# Short 3hr Escambia trip



## Cousin-it (Apr 10, 2012)

Bite was tough but my buddy and I caught 22 Bass and 1 rat red.Dont know why these lil reds are showing up in the river but hay they are fun!!!


----------



## Buckchaser (Jan 28, 2014)

22 bass. Tough bite?


----------



## ThaFish (Feb 27, 2013)

Yeah, sounds like the bite was real tough out there. Sorry you guys couldn't at least find two dozen....


----------



## tips n tails (Mar 2, 2011)

ThaFish said:


> Yeah, sounds like the bite was real tough out there. Sorry you guys couldn't at least find two dozen....
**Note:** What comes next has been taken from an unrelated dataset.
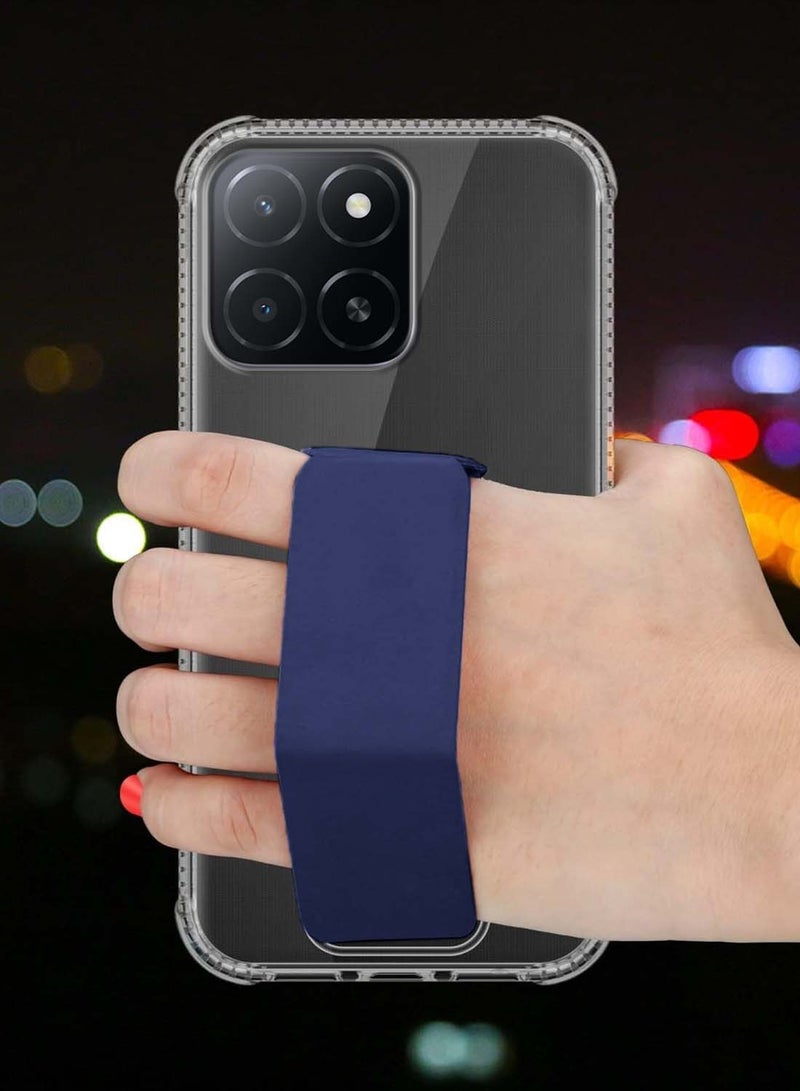 Wtech Honor X5b / X5b Plus 4G 2024 TPU Hand Grip Air Pillow Case Cover - Clear/Navy Blue - Image 3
:laughing::laughing::laughing:


----------



## castnet (Sep 5, 2012)

I spoke with Bert [cousin-it] last night for about 2 hours. He was very informative and knowledgeable about how to Bass fish. Told me things he didn't have to share with me, but did anyway. He also offered me a trip with him in his boat which I'm going to take him up on. A lot of the ways he fishes I've never tried. I'm always game to go with some one who know where to go and how to catch them. Bert, will give you a call in the near future and we will get hooked up. Thanks for all the information last night. Keep up the good fishing and post. Mike


----------



## Cousin-it (Apr 10, 2012)

castnet said:


> I spoke with Bert [cousin-it] last night for about 2 hours. He was very informative and knowledgeable about how to Bass fish. Told me things he didn't have to share with me, but did anyway. He also offered me a trip with him in his boat which I'm going to take him up on. A lot of the ways he fishes I've never tried. I'm always game to go with some one who know where to go and how to catch them. Bert, will give you a call in the near future and we will get hooked up. Thanks for all the information last night. Keep up the good fishing and post. Mike


Damm Mike you make me sound like some pro or something.Iam just someone who likes to fish and try to do the best I can.There are plenty of people that can out fish me!!! But thanks for the complements I try hard to do the best at everything I do.


----------



## castnet (Sep 5, 2012)

You are more than welcome. I seen where you called. Been down with a cold and had the phone on vib'. Will get up with you in a couple of days. Thanks, Mike


----------



## Fish Sticks (Feb 28, 2014)

sweet catchin. Definitely need to hit you up when bass boat is done


----------